Some clusters could not have any engagement (e.g. an empty Question Reward). This may very well be as a result of:

  • The cluster was engaged a very long time in the past so it didn’t have an opportunity to be chosen just lately
  • The cluster is a brand new use case for customers, so we don’t have a lot document within the reward

When clusters wouldn’t have any engagement, we are going to give them a mean weight in order that there’ll nonetheless be an opportunity for them to be uncovered to the customers. After the subsequent run of the Question Reward workflow, we are going to get extra details about the unexposed clusters and determine whether or not we are going to choose them subsequent time.

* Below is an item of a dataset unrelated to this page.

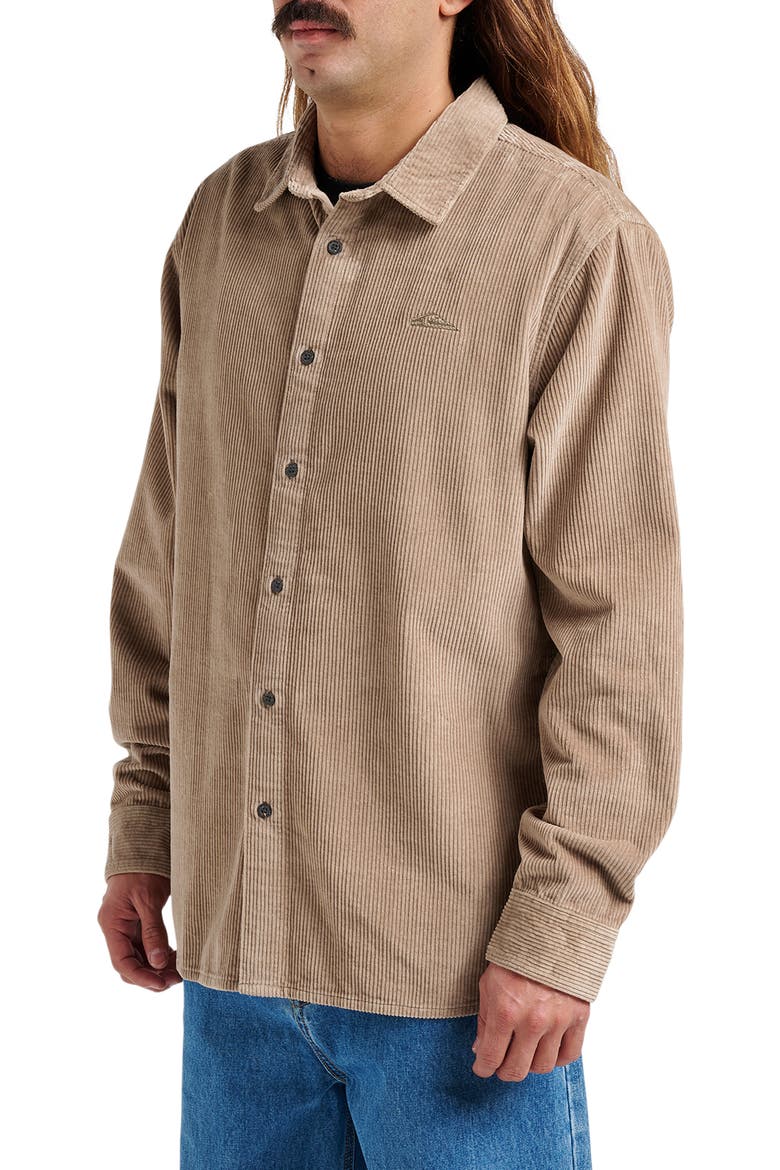 Cotton Corduroy Button-Up Overshirt, Alternate, color, FALLEN ROCK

Graphic: Reward the new engagement to its query in offline workflow to Query Pins (repins, clicks, closeups) to Homefeed Recommendations to User (New Recommendations are generated from queries) to Future engagements (future repins, clicks, closeups) with Feedback Loop arrow in the center of the flow map.
Determine 3. Constructing a suggestions loop based mostly on Question Reward
  • Pinterest, as a platform to carry inspirations, wish to give Pinners customized suggestions as a lot as we will. Taking customers’ downstream suggestions like each constructive and adverse engagements is what we need to prioritize. Sooner or later iterations, we are going to contemplate extra engagement varieties slightly than repin to construct a consumer profile.
  • To be able to maximize the Pinterest utilization effectivity, as an alternative of constructing the offline Question Reward, we need to transfer to a realtime model to counterpoint the sign for profiling amongst on-line requests. This may permit the suggestions loop to be extra responsive and immediate, doubtlessly responding to a consumer in the identical Homefeed session as they browse.
  • In addition to the pin based mostly retrieval, we will simply undertake an analogous technique on any token-based retrieval technique.

Due to our collaborators who contributed via discussions, opinions, and solutions: Bowen Deng, Xinyuan Gui, Yitong Zhou, Neng Gu, Minzhe Zhou, Dafang He, Zhaohui Wu, Zhongxian Chen

To study extra about engineering at Pinterest, try the remainder of our Engineering Weblog, and go to our Pinterest Labs website. To discover life at Pinterest, go to our Careers web page.